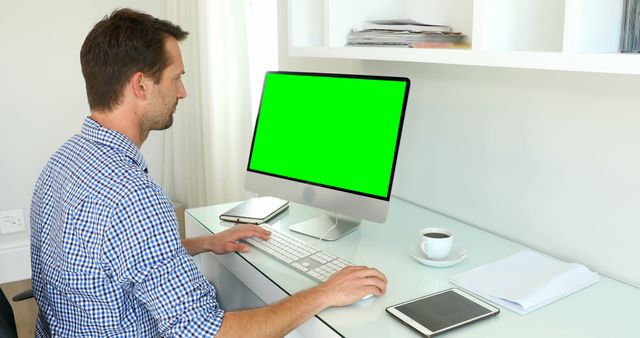 Man wearing checkered shirt working at clean, modern desk with a computer featuring a green screen display. Also on the desk are a tablet, documents, and a cup of coffee. Suitable for business, technology, and professional workspace themes. Useful for demonstrating tech apps, software interfaces, or remote working setups.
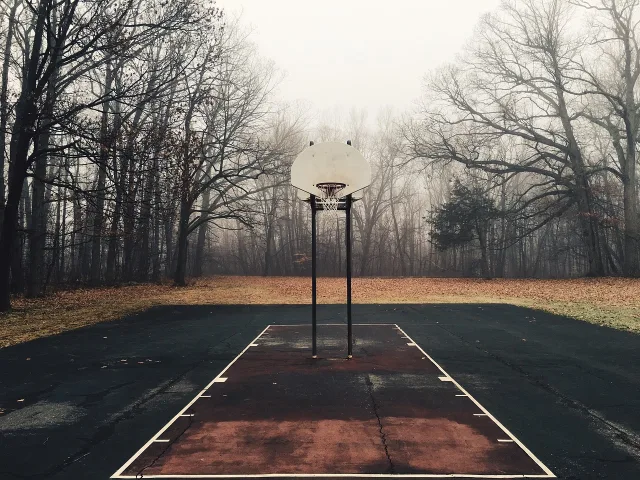 A professional basketball court with polished hardwood floors and stadium lighting.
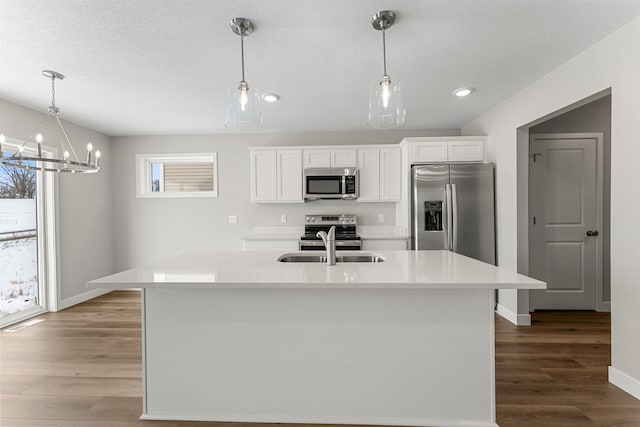 kitchen featuring white cabinets, pendant lighting, an island with sink, and appliances with stainless steel finishes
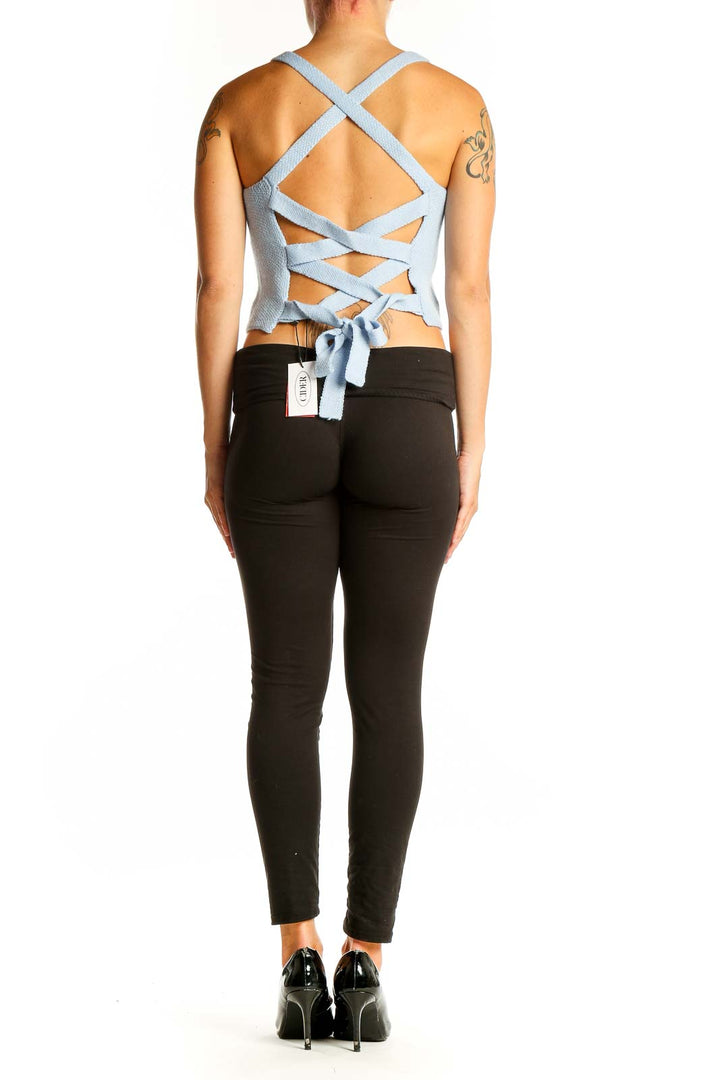 Side view of Cider Light Blue Cropped Knit Tank Top showing length and fit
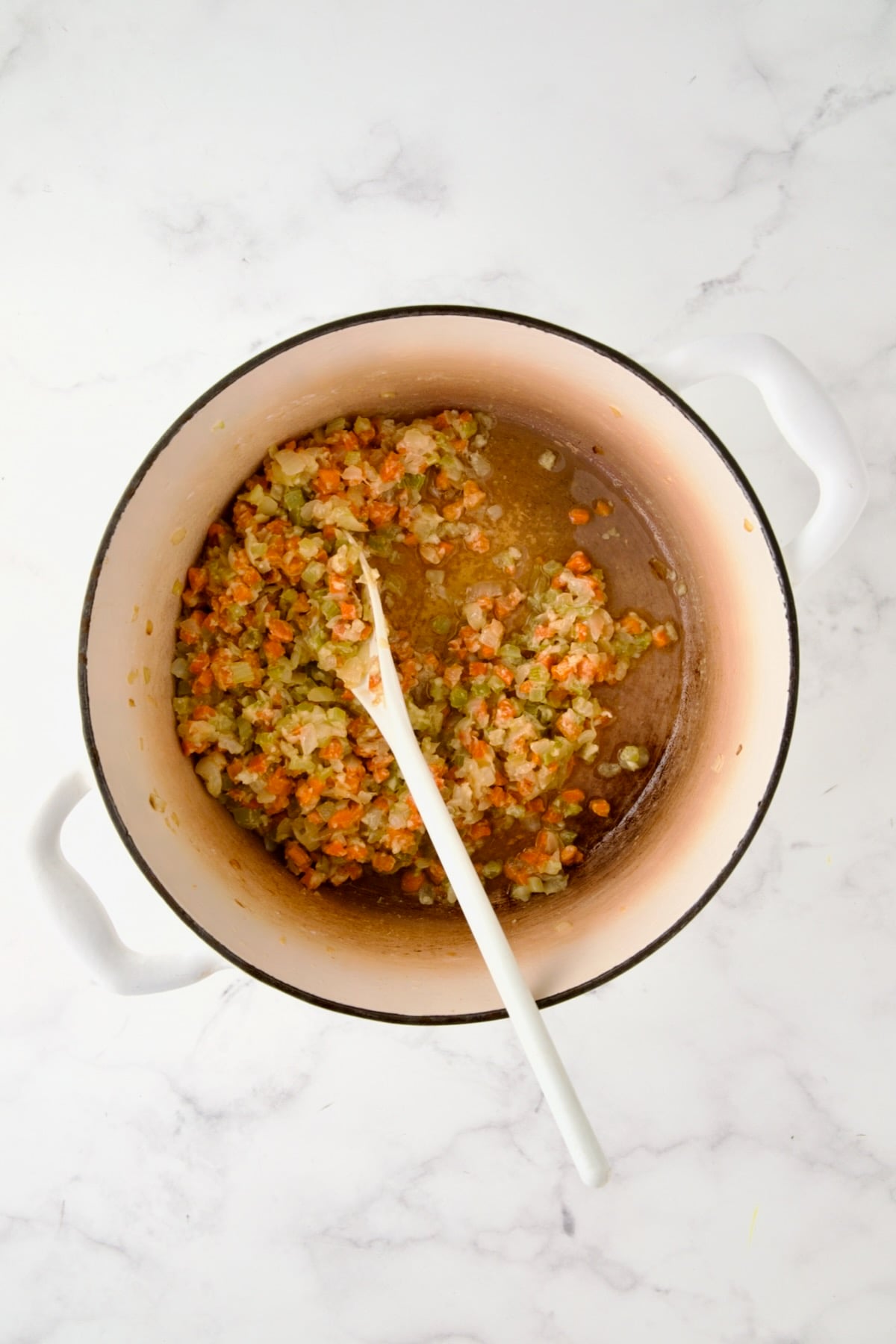Cooked onion, carrot and celery in white enamel Dutch oven with flour stirred in and dry sherry added.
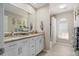 Bathroom with double vanity, granite countertop and bathtub at 10464 Henderson St, Spring Hill, FL 34608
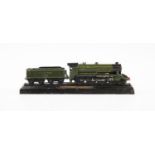 A cast metal model of a steam locomotive and tender, base stamped 'King Arthur Class no. 763', '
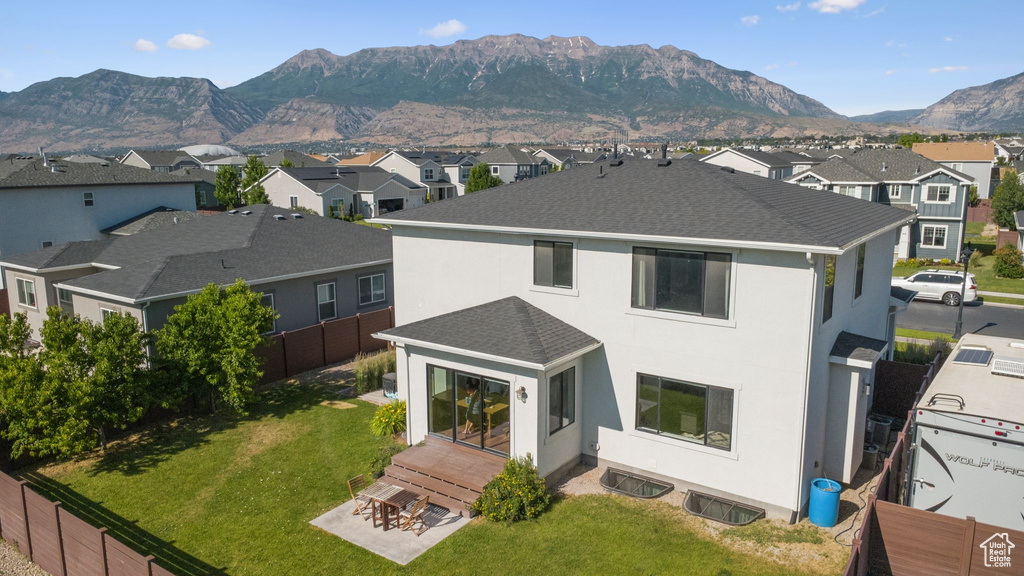 Back of property with a residential view, a mountain view, stucco siding, roof with shingles, and a patio area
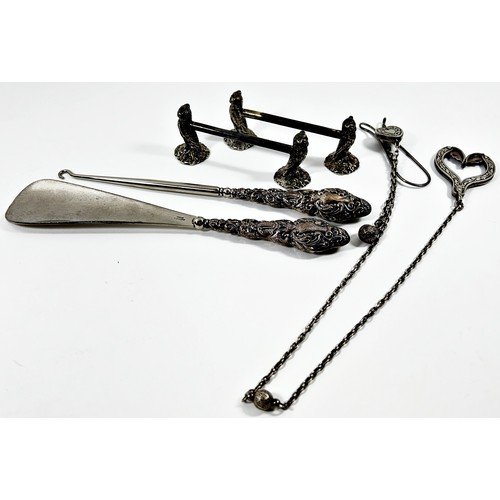 295 - A cased silver shoe horn and glove pull, together with a silver plated skirt lift and a pair of silv... 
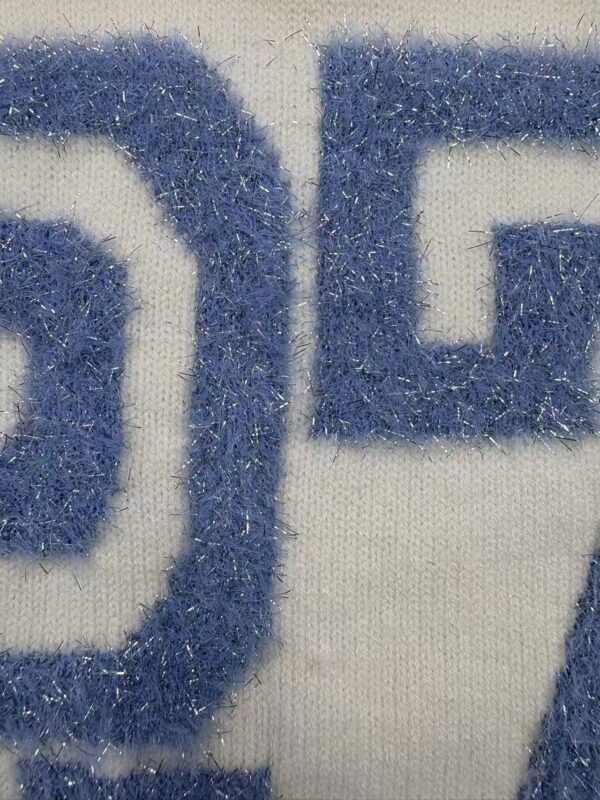 Detailed close-up of embroidered fabric showing blue thread on white background, highlighting texture and stitching.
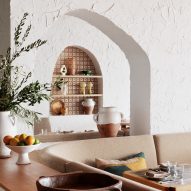 Arch cut into white stucco wall Cibaria Manly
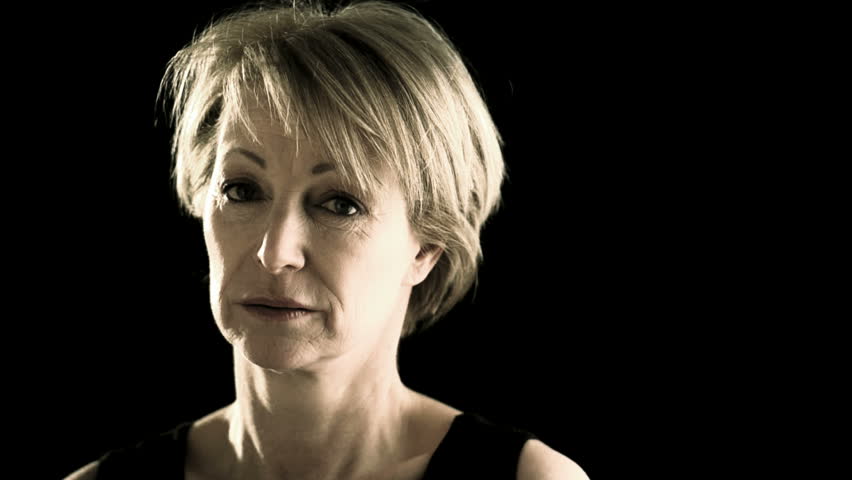 Sad/pensive mature woman on black; HD Photo JPEG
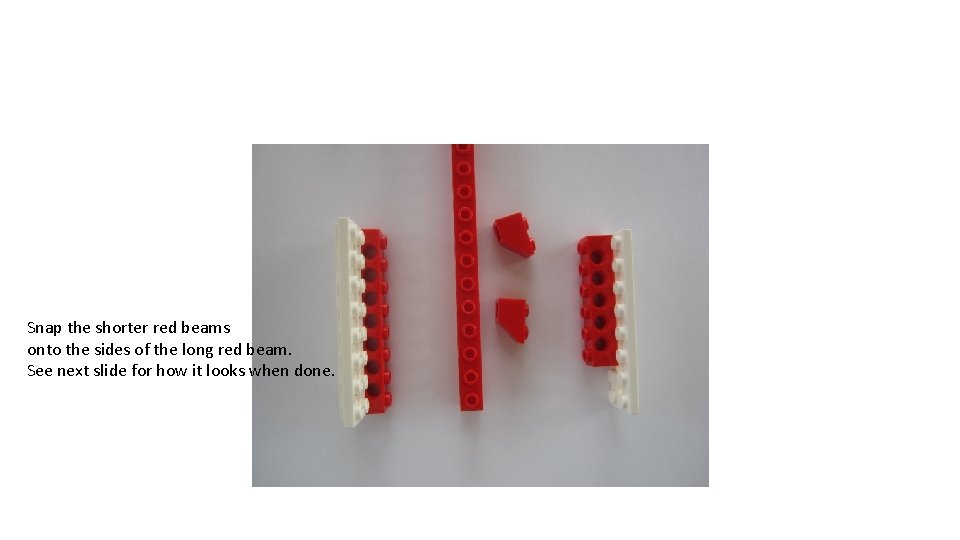 Snap the shorter red beams onto the sides of the long red beam. See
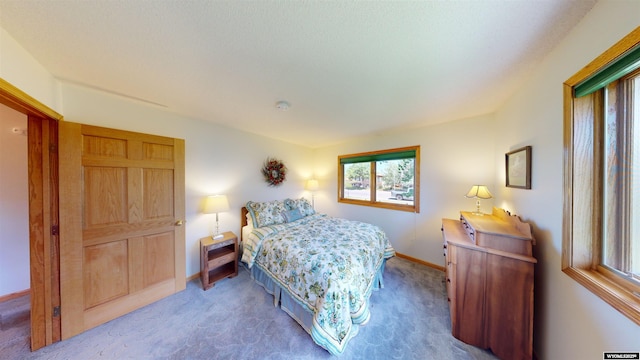 carpeted bedroom featuring baseboards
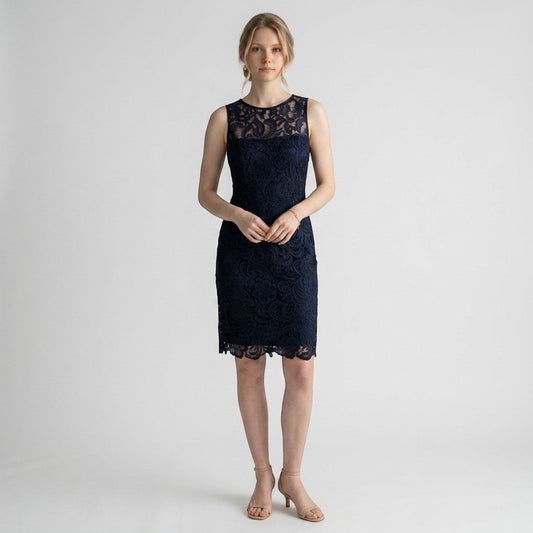 Model wearing a navy blue Adrianna Papell lace sheath dress with a sleeveless design from Lynn's Closet Boutique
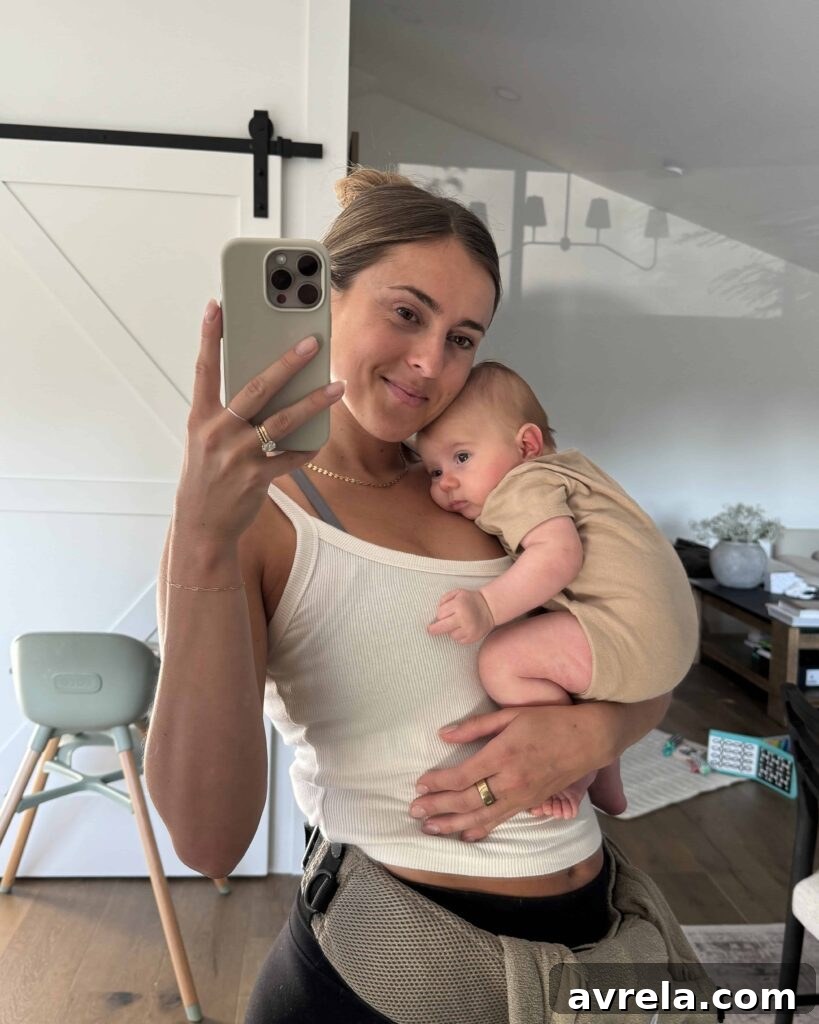 First-time mom holding baby with big smile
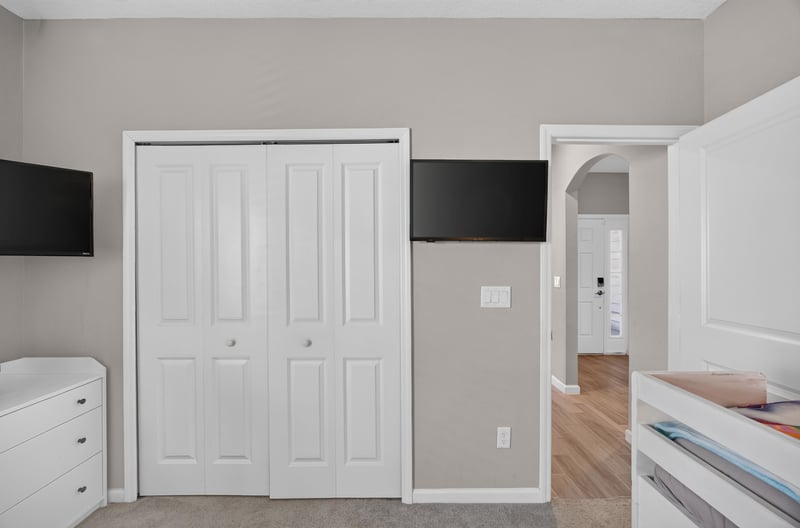 Bunk bed room with closet doors and TV mount at 9942 Lovage Ln, Jacksonville, FL 32219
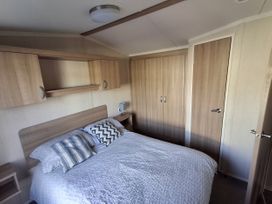 A bedroom with a bed and a bedside table at Caravan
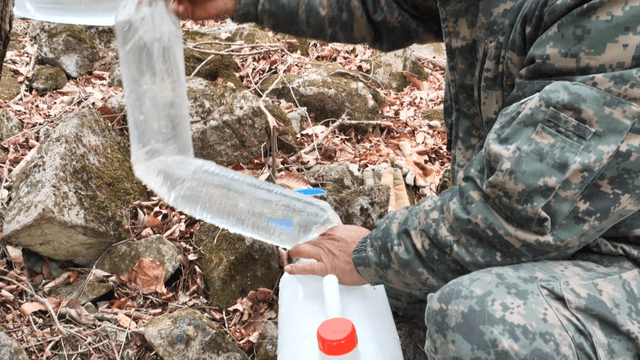Man in military uniform filling a water bottle with a plastic bag in the mountains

----------------------------------------

Assignment:
Skip every picture and retype only the lines from the line with "carpeted bedroom featuring baseboards" through the last line of the listing, both ends included, exactly as they appear.

Written solution:
 carpeted bedroom featuring baseboards
 Model wearing a navy blue Adrianna Papell lace sheath dress with a sleeveless design from Lynn's Closet Boutique
 First-time mom holding baby with big smile
 Bunk bed room with closet doors and TV mount at 9942 Lovage Ln, Jacksonville, FL 32219
 A bedroom with a bed and a bedside table at Caravan
Man in military uniform filling a water bottle with a plastic bag in the mountains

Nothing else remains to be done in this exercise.